Cette section met en lumière quatre de ces spécificités, en examinant les défis et les opportunités qu’elles représentent. Il convient toutefois de garder à l’esprit la diversité des sous-secteurs des ICC. Tous les sous-secteurs ne présentent pas chaque spécificité dans la même mesure. Le secteur de la mode et du design tend à être le plus proche des secteurs d’activité traditionnels.

Pour chaque spécificité, les secteurs non-ICC confrontés à des défis similaires sont mis en évidence. Les investisseurs et les structures d’appui à l’entrepreneuriat qui s’engagent régulièrement avec ces autres secteurs pourraient avoir des idées et des stratégies utiles sur la manière de relever le défi en question.
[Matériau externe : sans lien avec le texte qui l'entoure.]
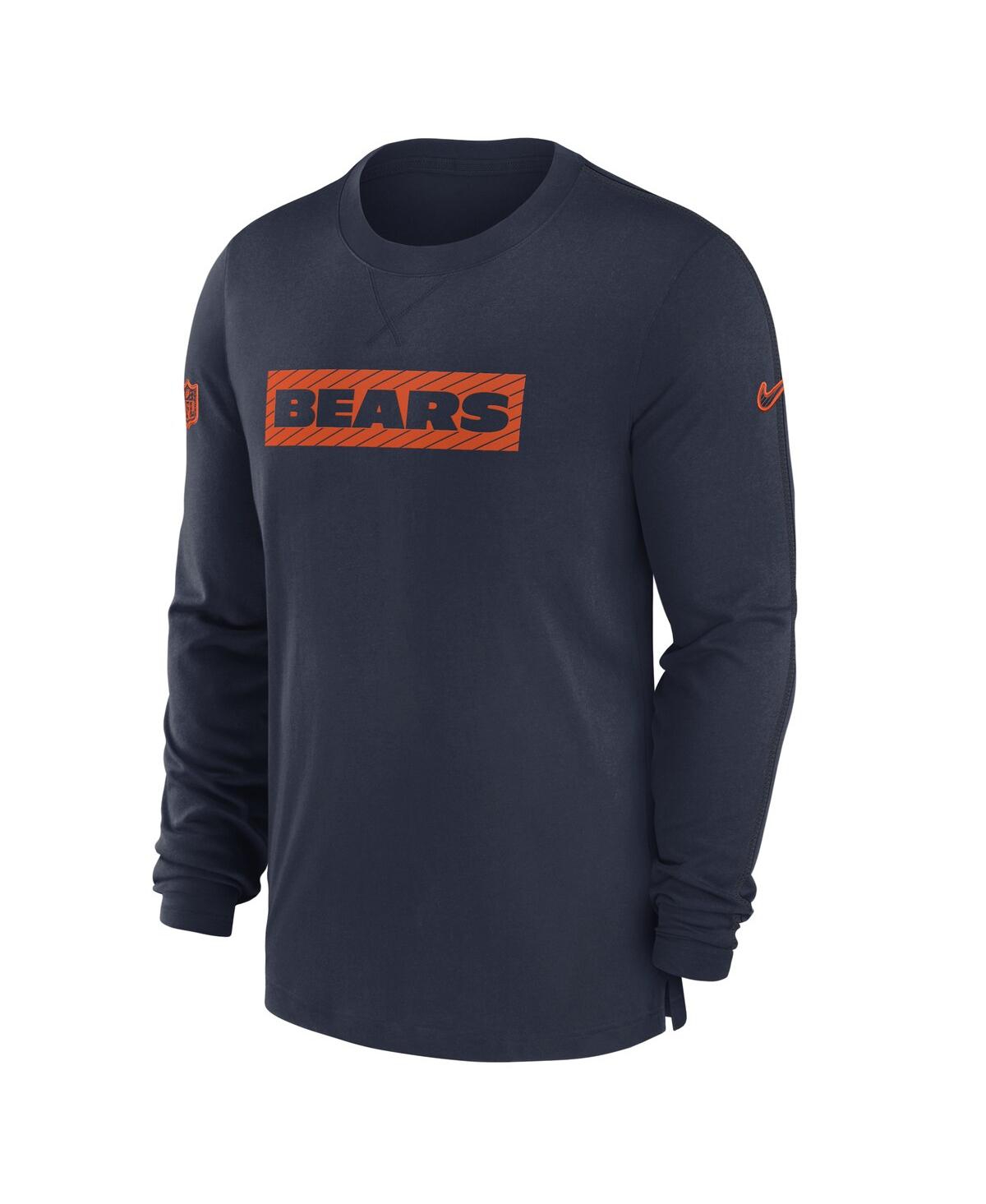 Nike Men'sChicago Bears Sideline Player Performance Long Sleeve T-Shirt - Navy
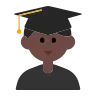 Man Student: Dark Skin Tone Emoji 👨🏿‍🎓 image - Tossface style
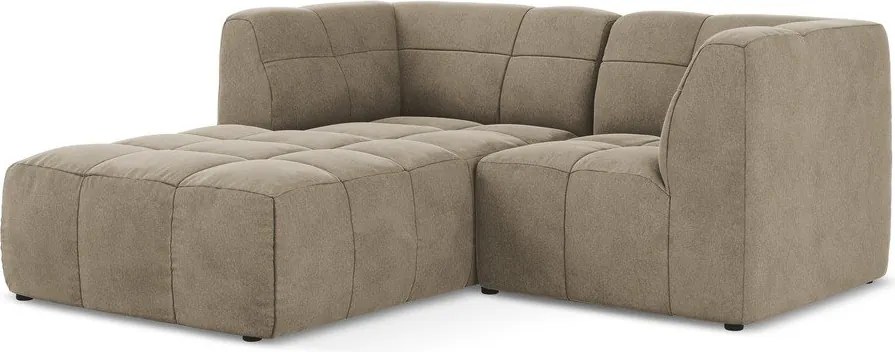 Hnedá zamatová rohová pohovka (ľavý roh/s leňoškou) Aloha – Makamii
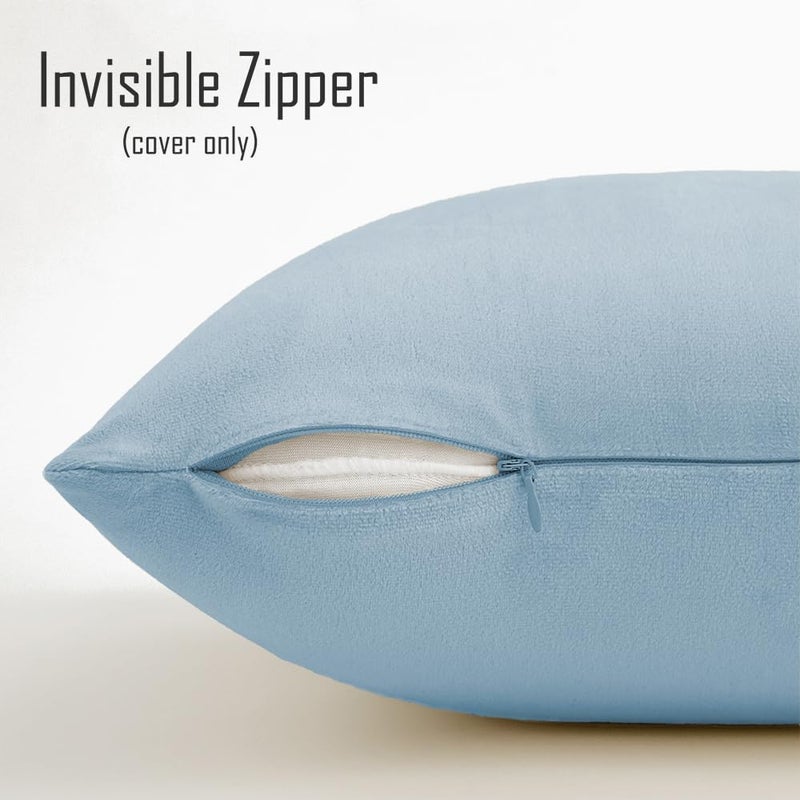QUORGVES Light Blue Throw Pillows Spring Light Blue Pillow Covers 18x18 Inch Pack of 2 Soft Velvet Square Solid Sky Blue Throw Pillow Cover 18 x 18 Set of 2 - Image 3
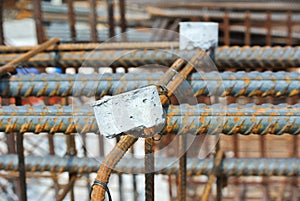 Hot rolled deformed steel bars or steel reinforcement bar.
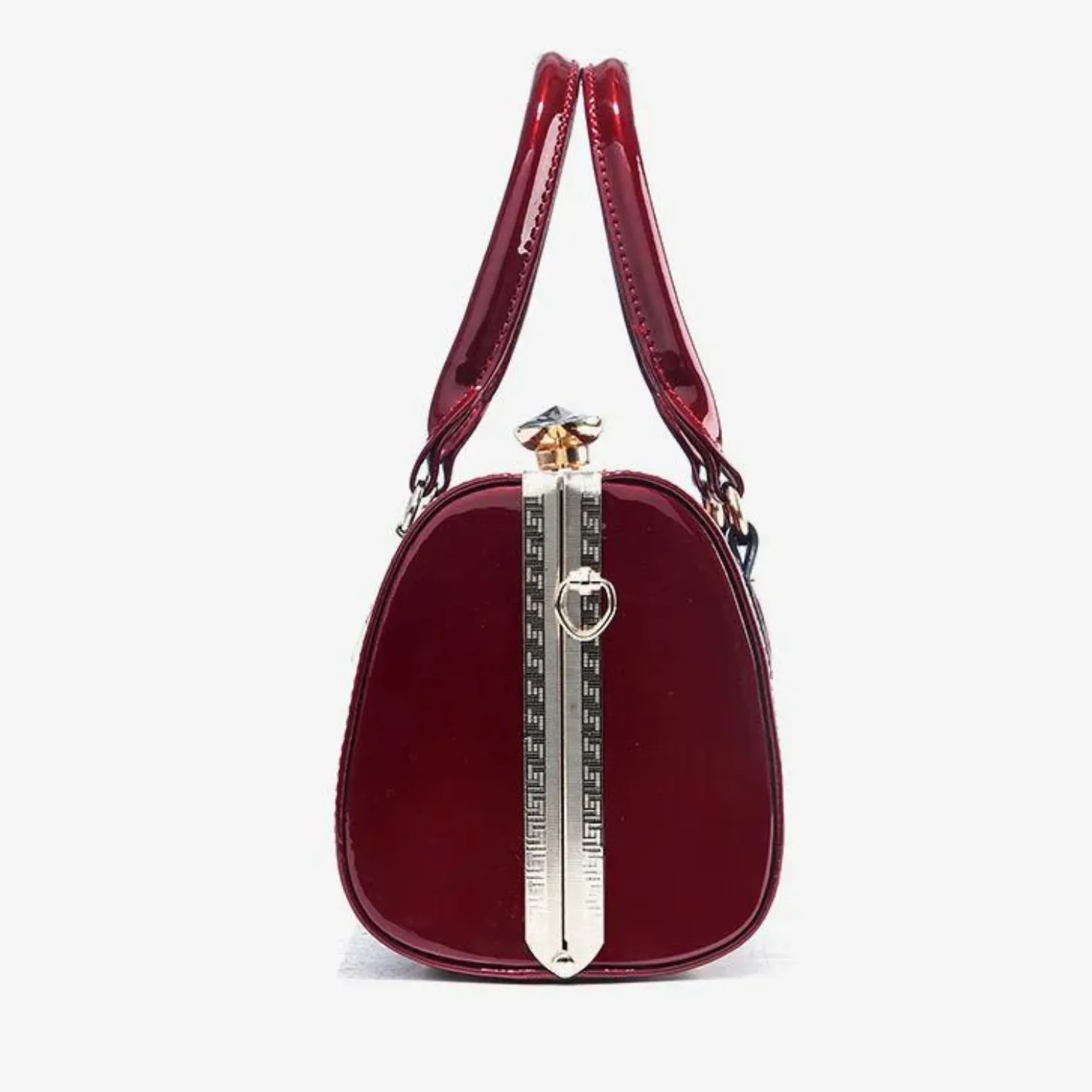 Glossy Patent Leather Diamond Handbag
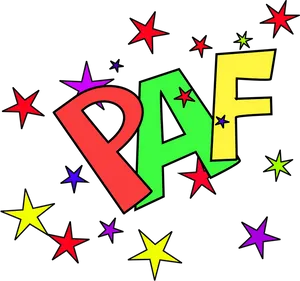 Colorful Comic Sound Effect P A F PNG image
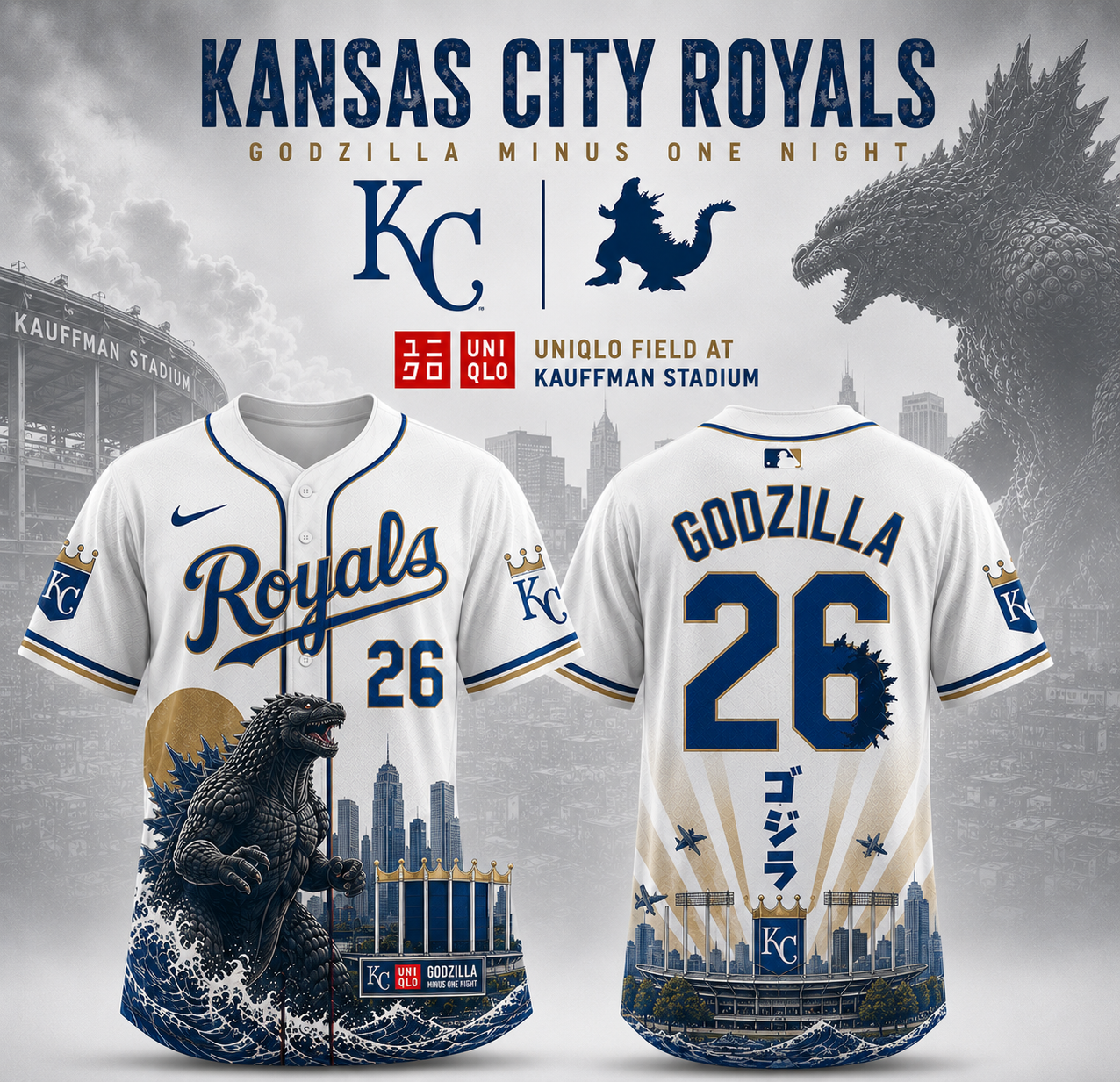 Kansas City Godzilla Minus One Limited Edition Baseball Jersey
LA PROPRIÉTÉ INTELLECTUELLE

L’enjeu

L’une des principales caractéristiques du secteur des ICC est sa forte dépendance à l’égard de la propriété intellectuelle (PI), qui constitue la matière première du secteur. Les droits d’auteur et, dans les secteurs de la mode et du design, les marques et les modèles déposés, constituent souvent les principaux actifs des entreprises culturelles.

Le défi

Contrairement à la propriété physique qui ne peut être utilisée que par un nombre limité de personnes à un moment donné, la production intellectuelle peut potentiellement être utilisée par un nombre illimité de personnes. Une fois qu’une voiture est fabriquée, elle ne peut être vendue qu’à un seul client. Une fois qu’un film est réalisé, il peut être reproduit sur un DVD ou diffusé sur une plateforme de streaming un nombre infini de fois. La production des ICC est donc  particulièrement vulnérable au détournement et à la captation des avantages économiques par les hackers.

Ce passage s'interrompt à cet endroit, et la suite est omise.